LE FILS DU PRINCE MOSCOVITE.

Là-dessus je fus réduit au silence, et je compris, qu'ils étaient dans une prison tout aussi sûre que s'ils eussent été renfermés dans le château de Moscou. Cependant il me vint la pensée que je pourrais fort bien devenir l'instrument de la délivrance de cet excellent homme, et qu'il me serait très-aisé de l'emmener, puisque dans le pays on n'exerçait point sur lui de surveillance. Après avoir roulé cette idée dans ma tête quelques instants, je lui dis que, comme je n'allais pas à Moscou mais à Archangel, et que je voyageais à la manière des caravanes, ce qui me permettait de ne pas coucher dans les stations militaires du désert, et de camper chaque nuit où je voulais, nous pourrions facilement gagner sans malencontre cette ville où je le mettrais immédiatement en sûreté à bord d'un vaisseau anglais ou hollandais qui nous transporterait touts deux à bon port.—«Quant à votre subsistance et aux autres détails, ajoutai-je, je m'en chargerai jusqu'à ce que vous puissiez faire mieux vous-même.»
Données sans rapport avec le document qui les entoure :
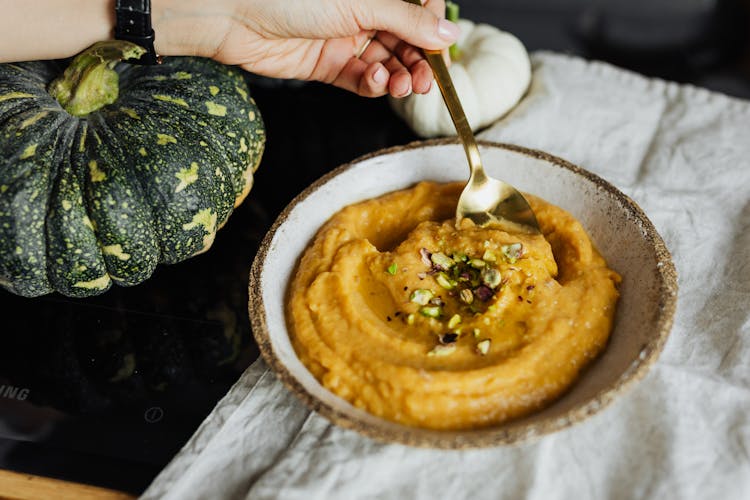 Hand Holding Spoon In Bowl With Food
Il m'écouta très-attentivement et me regarda fixement tout le temps que je parlai; je pus même voir sur son visage que mes paroles jetaient son esprit dans une grande émotion. Sa couleur changeait à tout moment, ses yeux s'enflammaient, toute sa contenance trahissait l'agitation de son cœur. Il ne put me répliquer immédiatement quand j'eus fini. On eût dit qu'il attendait ce qu'il devait répondre. Enfin, après un moment de silence, il m'embrassa en s'écriant:—«Malheureux que nous sommes, infortunées créatures, il faut donc que même les plus grands actes de l'amitié soient pour nous des occasions de chute, il faut donc que nous soyons les tentateurs l'un de l'autre! Mon cher ami, continua-t-il, votre offre est si honnête, si désintéressée, si bienveillante pour moi, qu'il faudrait que j'eusse une bien faible connaissance du monde si, tout à la fois, je ne m'en étonnais pas et ne reconnaissais pas l'obligation que je vous en ai. Mais croyez-vous que j'aie été sincère dans ce que je vous ai si souvent dit de mon mépris pour le monde? Croyez-vous que je vous aie parlé du fond de l'âme, et qu'en cet exil je sois réellement parvenu à ce degré de félicité qui m'a placé au-dessus du tout ce que le monde pouvait me donner et pouvait faire pour moi? Croyez-vous que j'étais franc quand je vous ai dit que je ne voudrais pas m'en retourner, fussé-je rappelé pour redevenir tout ce que j'étais autrefois à la Cour, et pour rentrer dans la faveur du Czar mon maître? Croyez-vous, mon ami, que je sois un honnête homme, ou pensez-vous que je sois un orgueilleux hypocrite?»—Ici il s'arrêta comme pour écouter ce que je répondrais; mais je reconnus bientôt que c'était l'effet de la vive émotion de ses esprits: son cœur était plein, il ne pouvait poursuivre. Je fus, je l'avoue, aussi frappé de ces sentiments qu'étonné de trouver un tel homme, et j'essayai de quelques arguments pour le pousser à recouvrer sa liberté. Je lui représentai qu'il devait considérer ceci comme une porte que lui ouvrait le Ciel pour sa délivrance, comme une sommation que lui faisait la Providence, qui dans sa sollicitude dispose touts les évènements, pour qu'il eût à améliorer son état et à se rendre utile dans le monde.